FIG. 1 shows a diagrammatic view of an embodiment of a pressure chamber with an electric motor fixed to the housing therein, for a device according to the invention with pump;

FIG. 2 shows a cross-sectional view through an electric motor which can be used in a device as shown in one of FIGS. 1, 4, 5 and 6;

FIG. 3 shows a side view of FIG. 2;

FIG. 4 shows a variant of FIG. 1 with the direction of flow reversed;

FIG. 5 shows a variant of FIG. 1 with a washing machine drum; and

FIG. 6 shows a device according to the invention in which an electric motor with pump is accommodated in one pressure vessel, a beam dyeing machine interacting with it.

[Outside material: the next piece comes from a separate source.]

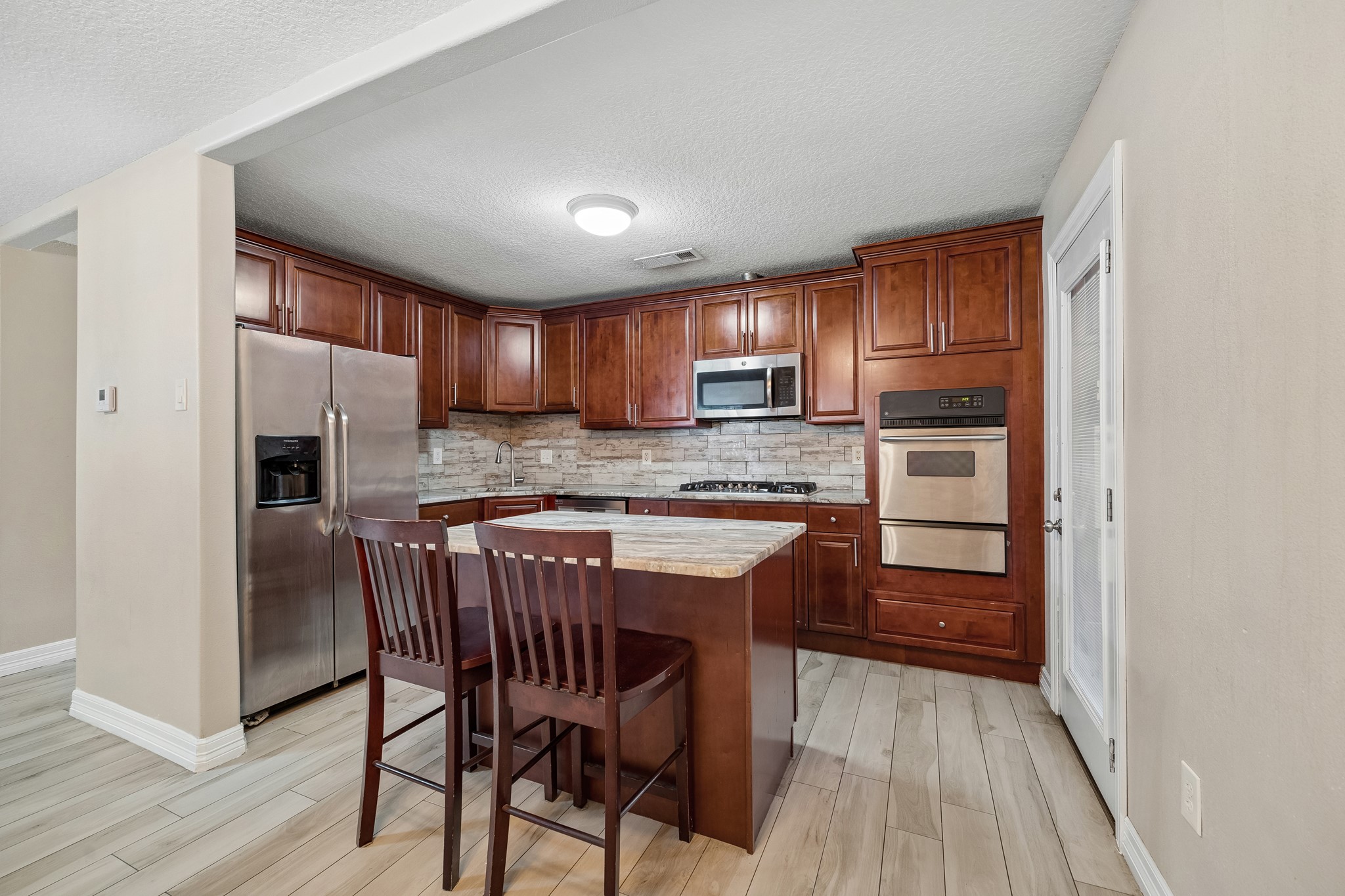 Elegant kitchen with rich wood cabinetry, a modern stainless steel refrigerator, and a built-in oven. The cozy island offers additional workspace and seating, perfect for casual dining.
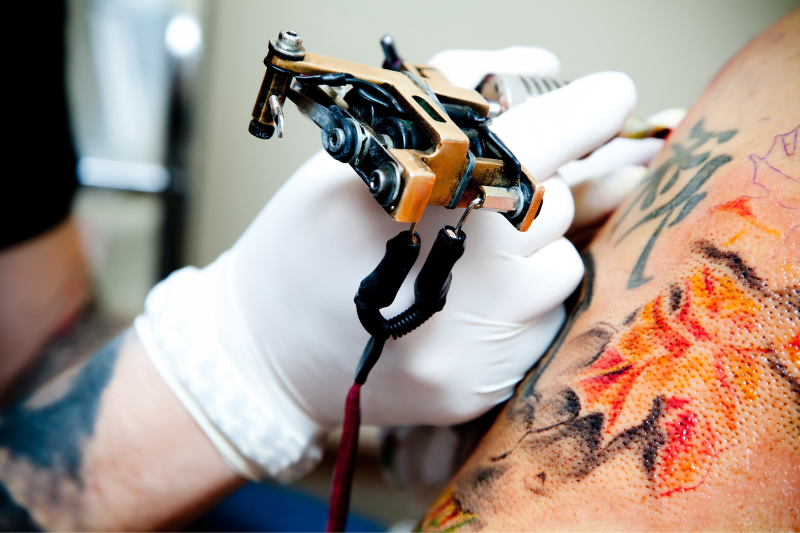 tattoo artist working on tattoo | Things to Consider Before Getting a Tattoo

DESCRIPTION OF THE PREFERRED EMBODIMENT

In FIG. 1, the pressure chamber device as a whole is denoted by reference numeral 1. The device 1 comprises a pressure chamber 2, which is in this case formed by a pressure vessel and is provided with an opening, which can be closed by a cover 3, for mounting an electric motor 7 with pump 9 in the pressure vessel. There is also a pipe system 5 with a feed 5a and a discharge 5b. An electric motor 7 is disposed in the pressure chamber 2. A pump 9 is mounted on the motor output shaft 8 of the electric motor 7. The pump 9, which is formed for example by a centrifugal pump with an impellor, is in this case mounted directly on the motor shaft 8. The pump 9 is accommodated in a pump casing 10 which comprises an inlet 11 and an outlet 12. The outlet 12 is connected to the discharge 5b.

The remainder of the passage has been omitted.